* [What to produce]: Images are to be excluded from the copy, and the records below reproduced word for word.

[[ Dataset extract open ]]

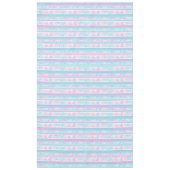 Roze rozen, blauw, roze, witte strepen, tablet tafelkleed (Voorkant)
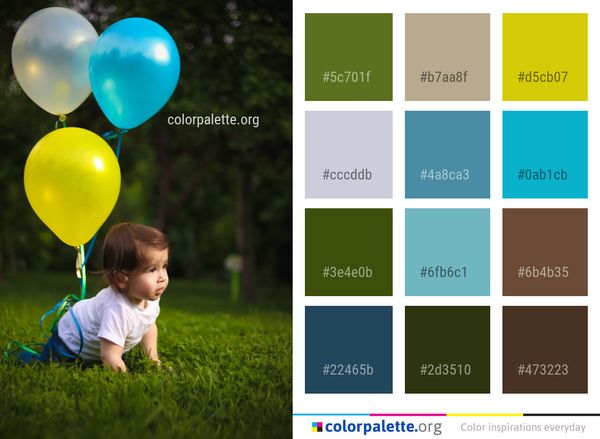 Blue Green Nature Color Palette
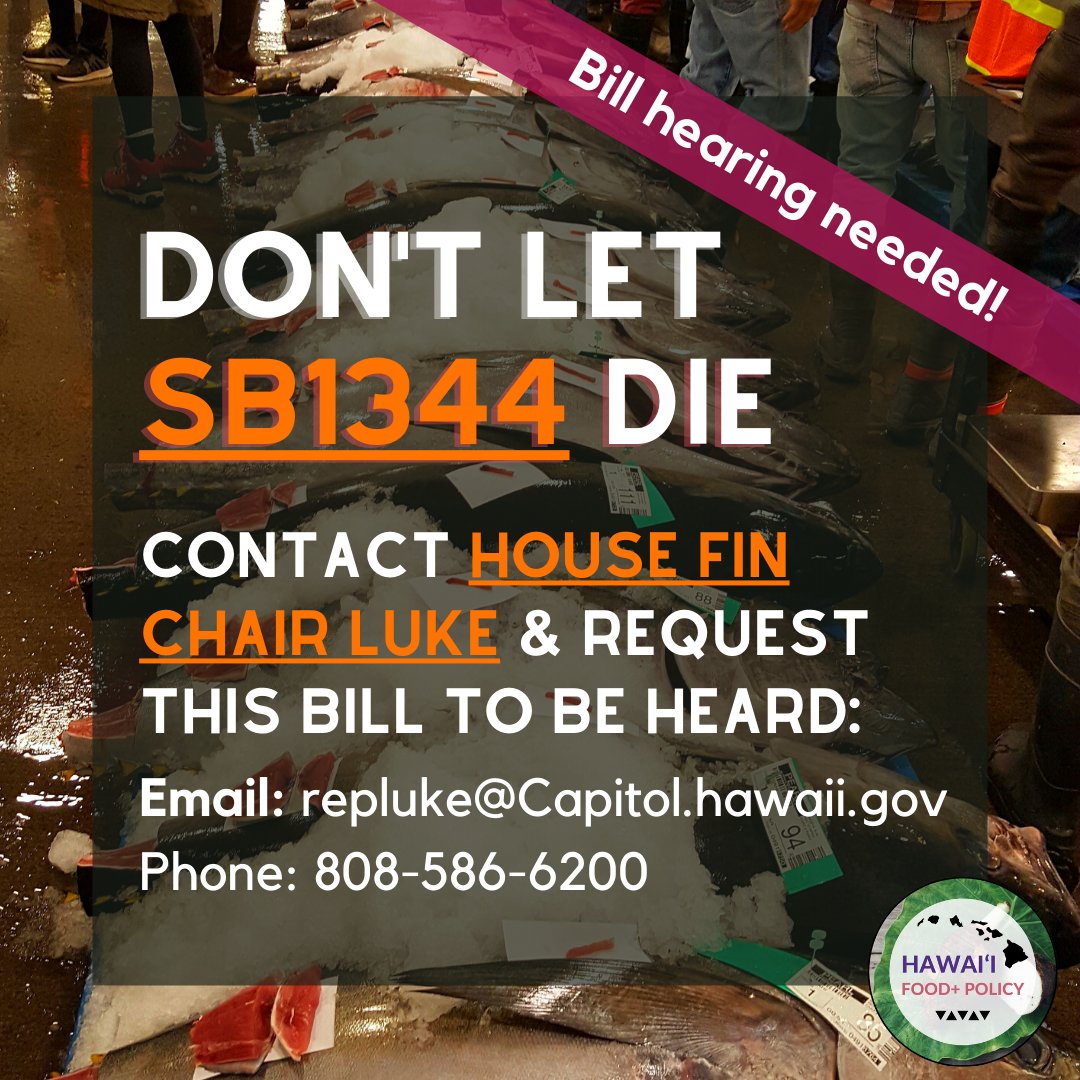 foodpluspolicy's tweet photo. ⚠️ ACTION ALERT ⚠️Do your part to get this bill scheduled for a hearing by contacting FIN Chair Luke &amp; request for her to hear this measure. This bill needs to be heard by April 15 to not die, so please contact Chair Luke ASAP! https://t.co/XSOMJ63KmC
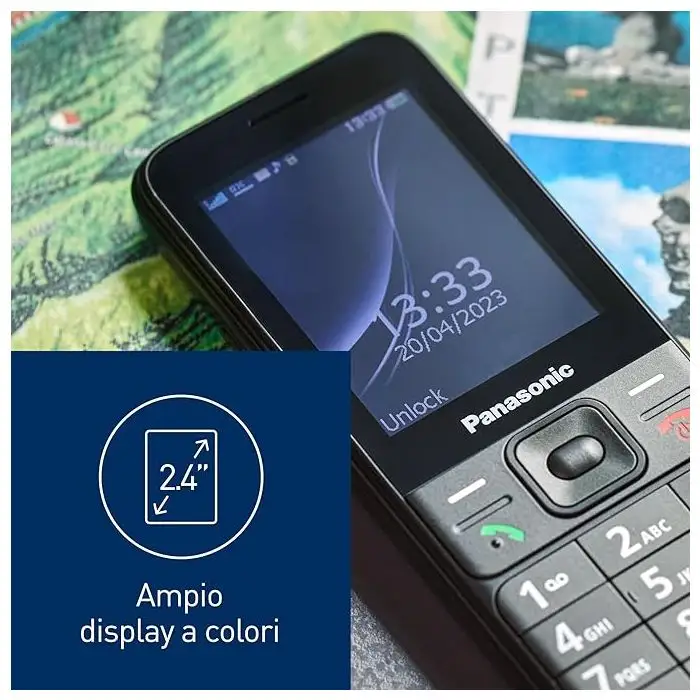 Panasonic KX-TF200 Telefono Cellulare, Dual-Band GSM, LCD TFT 2,4&quot; a Colori , 153893 , Immagine 3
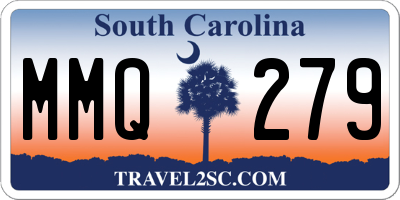 SC license plate MMQ279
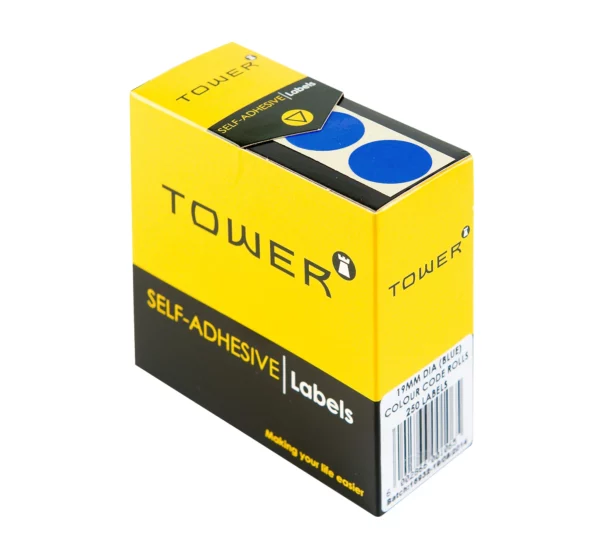 Tower Round Colour Code Labels 19mm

[[ Dataset extract closed ]]

* [Output of the exercise]:
 Roze rozen, blauw, roze, witte strepen, tablet tafelkleed (Voorkant)
 Blue Green Nature Color Palette
 foodpluspolicy's tweet photo. ⚠️ ACTION ALERT ⚠️Do your part to get this bill scheduled for a hearing by contacting FIN Chair Luke &amp; request for her to hear this measure. This bill needs to be heard by April 15 to not die, so please contact Chair Luke ASAP! https://t.co/XSOMJ63KmC
 Panasonic KX-TF200 Telefono Cellulare, Dual-Band GSM, LCD TFT 2,4&quot; a Colori , 153893 , Immagine 3
 SC license plate MMQ279
 Tower Round Colour Code Labels 19mm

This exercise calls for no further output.